There is no evidence to suggest that the child has anything other than a loving and extremely close relationship with the wife. The Family Consultant recorded that the husband’s mother “stated that [Ms Coad] has been a remarkable mother with [the child] and she has been amazed with her commitment as a mother, she takes him everywhere and does everything with him.”[17] On the other hand, both of the husband’s parents expressed caution and concern about the child spending time with the husband now. The paternal grandmother also recalled that during the marriage “her son appeared to spend little time with [the child] and was always on the computer” [18], which is corroborative of the wife’s evidence that she was the primary carer of the child.

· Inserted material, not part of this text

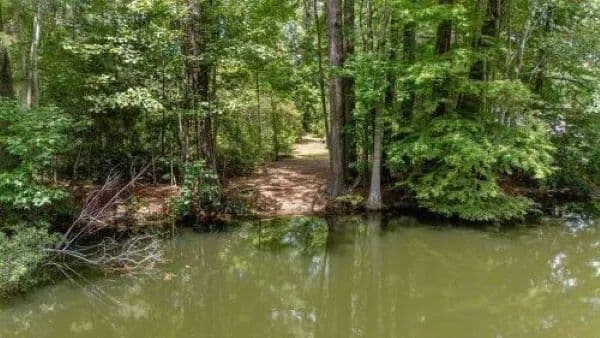 Lots & Land-Other in Eutawville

[17] Family Report dated 24 January 2011, [49].
[18] Ibid [46].
The Family Consultant considered the nature of the child’s psychological relationship with the husband in the following terms:
73. For all intents and purposes, [the child] does not presently have a relationship with his father. [The child] has memories of his father from an earlier time and likely bases his views upon these memories coupled with an occasional card from his father on special occasions. Therefore, in the event [the child] would start spending regular time with his father it would be necessary to effectively rebuild their relationship once again rather slowly. [19]
[19] Ibid [15].
I am satisfied that the child recognises that he has a father. I accept the Family Consultant’s description of the lack of psychological relationship between father and son and conclude that the child is not, at this stage, burdened by a sense of loss due to the husband not being involved in his day to day life. The child sounds like a generous and kindly natured young boy. Given that the child is aware of the husband’s circumstances, I am concerned to avoid a situation where the child assumes a sense of responsibility for the husband’s happiness or unhappiness and/or a sense of guilt over the husband’s predicament. Given the potential strength of the relationship between father and son, I consider that the less that the child has to do with the husband the better. Put another way, given the negative and disruptive influence that the husband could bring to bear on the child’s state of mind (if the two of them were to develop a strong relationship), I conclude that it is best not to nurture any psychological relationship between father and son until the child is sufficiently mature and emotionally equipped to deal with all of the consequences which may flow from such a relationship and the husband being placed in a position of emotional influence over him.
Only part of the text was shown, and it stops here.